The other late night, I looked up a fairytale by the Brothers Grimm which turned out to be “The Peasant in Heaven.” The punchline is that rich people are admitted into heaven once every hundred years but for peasants it’s an everyday occurrence. I wanted to use it in a WordPress post, but it’s been done already. I hate the attitudes of people toward money currently. It’s because they have bad examples to follow. On the other hand, no matter what people were doing, I’d probably take a reactionary stance to pull away from extremes. A lot of thinkers have been reactions to their world. Rousseau guided people one way to an extreme of sentiment and ultimately violence and revolution, while Edmund Burke saw the dangers of ideas after the French Revolution and pushed for stability and conservatism. The example I like is of Jane Austen, who stuck by her opinions and stayed independent of the Romantic movement with Byron as its figurehead. She also tended to marry opposites to resolve extremes, like with sense and sensibility, etc. She was neither romantic nor rationalist but a little of both, to show the fallacy of the dichotomy.
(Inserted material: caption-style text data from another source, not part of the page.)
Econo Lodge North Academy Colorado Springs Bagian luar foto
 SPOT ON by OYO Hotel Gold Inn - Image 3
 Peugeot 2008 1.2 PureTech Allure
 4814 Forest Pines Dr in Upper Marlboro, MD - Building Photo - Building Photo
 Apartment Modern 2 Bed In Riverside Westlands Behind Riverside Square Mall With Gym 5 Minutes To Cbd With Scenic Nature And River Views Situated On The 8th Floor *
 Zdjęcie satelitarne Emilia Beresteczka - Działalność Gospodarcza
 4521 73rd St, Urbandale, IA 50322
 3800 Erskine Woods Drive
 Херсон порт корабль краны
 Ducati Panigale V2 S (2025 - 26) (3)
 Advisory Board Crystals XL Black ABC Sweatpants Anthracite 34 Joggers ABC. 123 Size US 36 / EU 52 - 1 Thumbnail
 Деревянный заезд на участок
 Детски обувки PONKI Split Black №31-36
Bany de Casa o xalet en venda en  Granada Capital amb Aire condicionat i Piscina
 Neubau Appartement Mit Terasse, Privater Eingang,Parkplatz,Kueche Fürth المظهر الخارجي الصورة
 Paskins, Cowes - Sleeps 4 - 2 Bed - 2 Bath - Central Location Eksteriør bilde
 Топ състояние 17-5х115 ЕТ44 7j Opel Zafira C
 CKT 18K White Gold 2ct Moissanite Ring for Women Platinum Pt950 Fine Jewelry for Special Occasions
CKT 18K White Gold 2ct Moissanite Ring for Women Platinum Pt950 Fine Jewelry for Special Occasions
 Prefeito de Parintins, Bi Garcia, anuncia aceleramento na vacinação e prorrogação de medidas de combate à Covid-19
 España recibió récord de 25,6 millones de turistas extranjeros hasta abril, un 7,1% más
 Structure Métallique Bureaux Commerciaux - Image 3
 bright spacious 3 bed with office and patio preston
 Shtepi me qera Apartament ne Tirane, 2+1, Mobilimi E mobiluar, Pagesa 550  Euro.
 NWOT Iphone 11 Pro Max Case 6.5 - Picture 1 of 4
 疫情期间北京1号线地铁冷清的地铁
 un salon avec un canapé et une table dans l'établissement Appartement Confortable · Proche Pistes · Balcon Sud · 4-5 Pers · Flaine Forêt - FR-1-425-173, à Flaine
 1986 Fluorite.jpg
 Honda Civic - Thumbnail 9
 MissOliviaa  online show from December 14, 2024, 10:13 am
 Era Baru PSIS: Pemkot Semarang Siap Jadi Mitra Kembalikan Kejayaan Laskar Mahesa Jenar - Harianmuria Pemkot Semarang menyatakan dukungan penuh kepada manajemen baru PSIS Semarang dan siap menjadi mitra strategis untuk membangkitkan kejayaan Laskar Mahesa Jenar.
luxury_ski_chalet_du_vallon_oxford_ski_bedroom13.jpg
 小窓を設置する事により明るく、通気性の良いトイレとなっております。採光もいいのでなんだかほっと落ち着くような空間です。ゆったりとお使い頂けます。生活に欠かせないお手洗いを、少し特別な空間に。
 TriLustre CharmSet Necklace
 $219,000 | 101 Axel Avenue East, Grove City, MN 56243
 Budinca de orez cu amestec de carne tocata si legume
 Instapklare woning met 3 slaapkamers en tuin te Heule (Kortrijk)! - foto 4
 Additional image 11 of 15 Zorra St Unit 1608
Why does public opinion seem to veer to one extreme or another? Maybe people are bored with things being moderate and medium?

Stewart Copeland wrote a song with these lines:

I wish I never woke up this morning

Life was easy when it was boring

Snowman

One thirty AM.

Again I’m up in the middle of the night, holding this silly device in my hand and entering characters for no one and no reason. The absurdity of what I’m doing hits me with greater force even as I do it, and the futility. It’s just a pointless labor, as insignificant as Sisyphus and his boulder uphill. But unlike him, I can choose to leave the rock and walk out the exit from hell towards new projects or none at all. Cyberspace has become an infernal prison to me; outside it, there’s a whole world of reality for the realization of better things… I’m tired of being a nobody writing for no one: again like the snowman in Wallace Stevens. Cyberspace is a big nothing anymore, the Gulf of French poetry, the Abyss and the Void. A blank stare from utter nonbeing. After a while I guess I’ll go to bed again.

The thing about snowmen is, snowmen melt… 

Wallace Stevens

The writing I did today was rather interesting to me, and it kind of exposed the difference between 19th and 20th Century literature, or at least until you get to Wallace Stevens and Carlos Williams. It may be difficult to explain this. It seems to me that literature in the 19th Century was full of the great code of the Bible and Christian good and evil; but in the next century, it was possible to divorce nature and reality from the Bible, so that reality became gray and amoral. The breakthrough probably was the thinking of Nietzsche. His concept of nature was a place where there are no stepping stones, no ladders for finger and toeholds, nothing for human convenience: nothing human at all.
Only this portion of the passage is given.